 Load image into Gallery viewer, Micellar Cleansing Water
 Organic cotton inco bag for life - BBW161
...
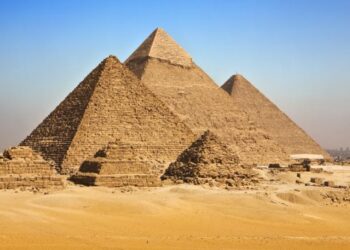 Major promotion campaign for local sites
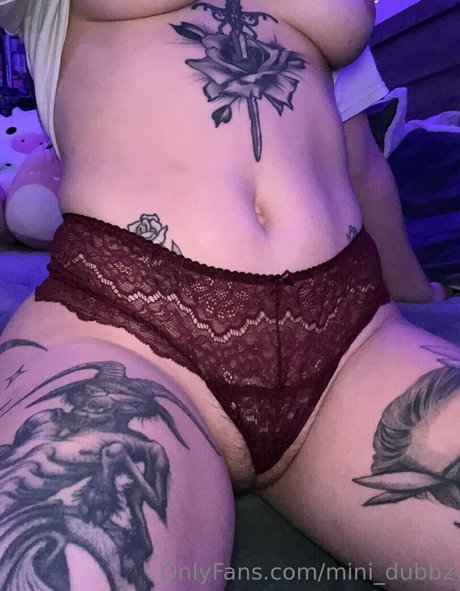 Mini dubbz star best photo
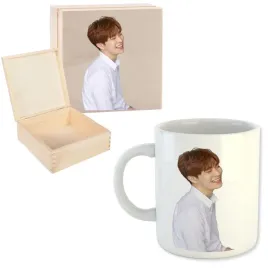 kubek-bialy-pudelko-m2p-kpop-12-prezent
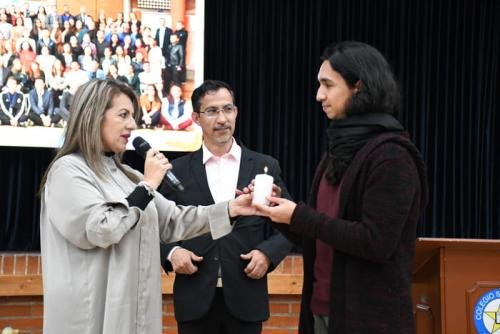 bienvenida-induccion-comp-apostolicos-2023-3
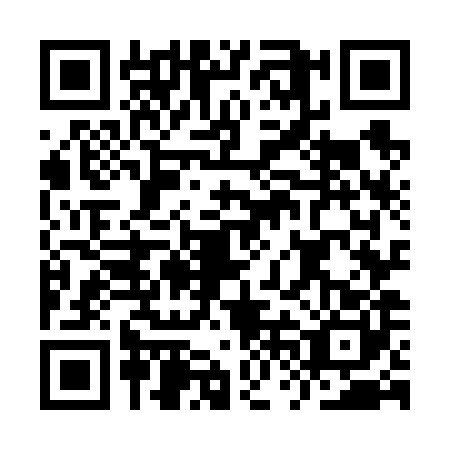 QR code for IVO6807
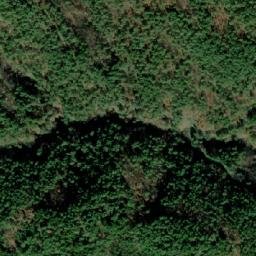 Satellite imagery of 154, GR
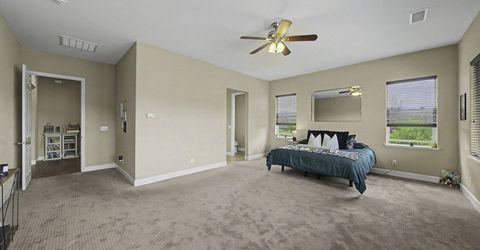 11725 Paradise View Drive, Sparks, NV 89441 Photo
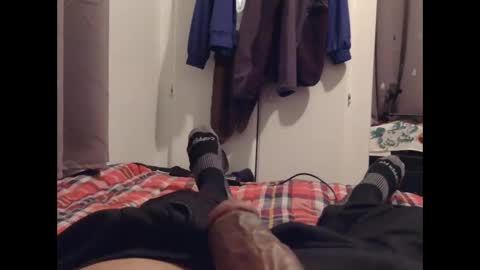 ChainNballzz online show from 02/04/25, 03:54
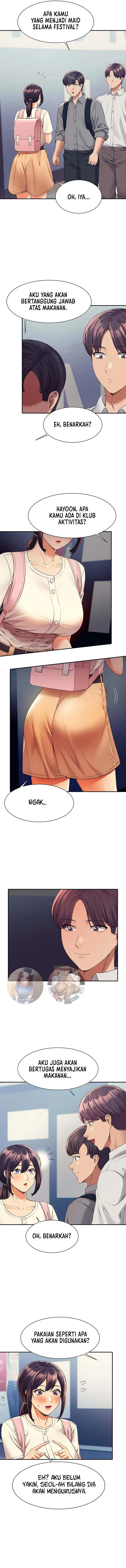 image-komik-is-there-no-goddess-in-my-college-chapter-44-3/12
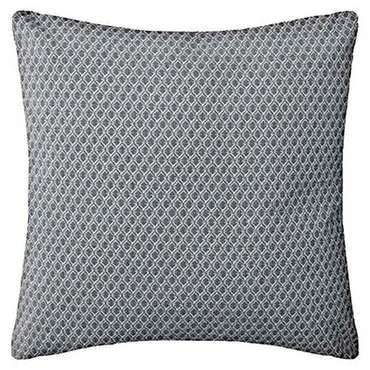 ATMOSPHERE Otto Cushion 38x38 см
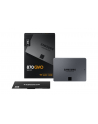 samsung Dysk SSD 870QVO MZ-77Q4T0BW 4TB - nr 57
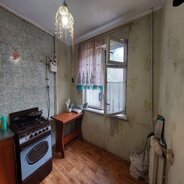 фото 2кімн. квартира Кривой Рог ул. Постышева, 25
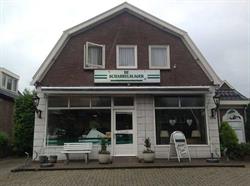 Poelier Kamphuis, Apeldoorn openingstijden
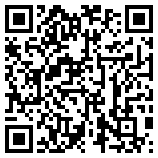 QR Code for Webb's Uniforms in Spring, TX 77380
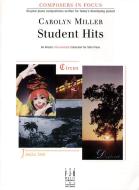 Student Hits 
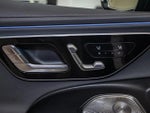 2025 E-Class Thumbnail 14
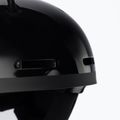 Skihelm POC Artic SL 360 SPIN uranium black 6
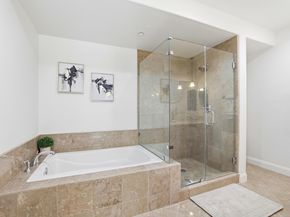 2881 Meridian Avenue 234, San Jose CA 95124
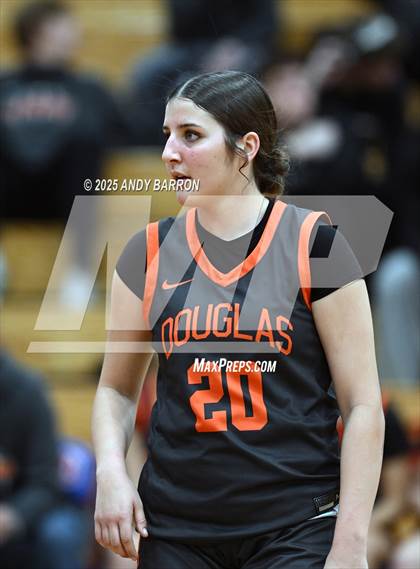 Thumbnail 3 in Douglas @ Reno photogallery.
==
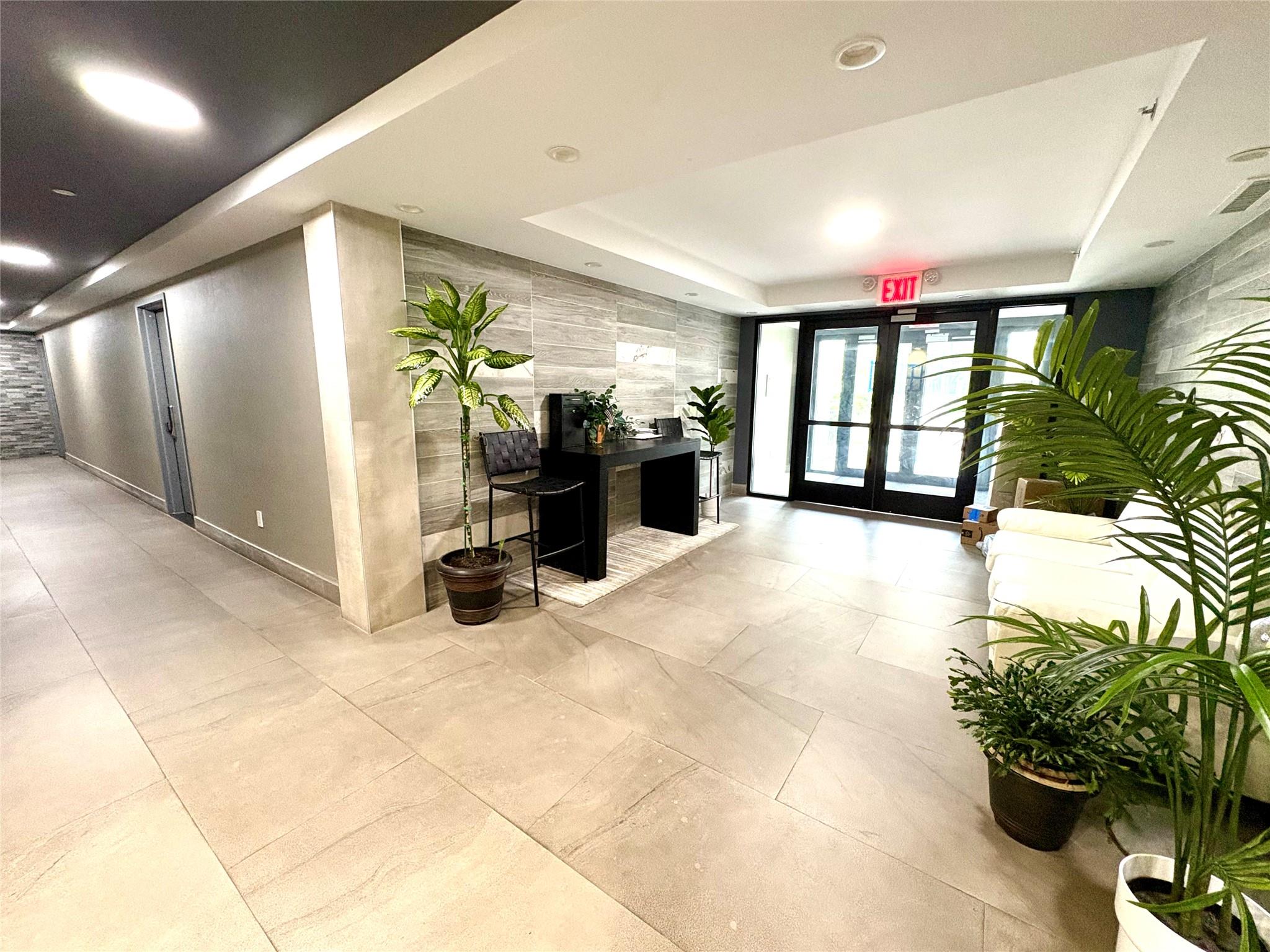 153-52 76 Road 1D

**WHAT IS REQUIRED**
With the pictures left out, write out exactly the lines above from the one containing "Satellite imagery of 154, GR" through the one containing "Thumbnail 3 in Douglas @ Reno photogallery.".

**SOLUTION TO THE PROBLEM**
 Satellite imagery of 154, GR
 11725 Paradise View Drive, Sparks, NV 89441 Photo
 ChainNballzz online show from 02/04/25, 03:54
 image-komik-is-there-no-goddess-in-my-college-chapter-44-3/12
 ATMOSPHERE Otto Cushion 38x38 см
 samsung Dysk SSD 870QVO MZ-77Q4T0BW 4TB - nr 57
 фото 2кімн. квартира Кривой Рог ул. Постышева, 25
 Poelier Kamphuis, Apeldoorn openingstijden
 QR Code for Webb's Uniforms in Spring, TX 77380
 Student Hits 
 2025 E-Class Thumbnail 14
 Skihelm POC Artic SL 360 SPIN uranium black 6
 2881 Meridian Avenue 234, San Jose CA 95124
 Thumbnail 3 in Douglas @ Reno photogallery.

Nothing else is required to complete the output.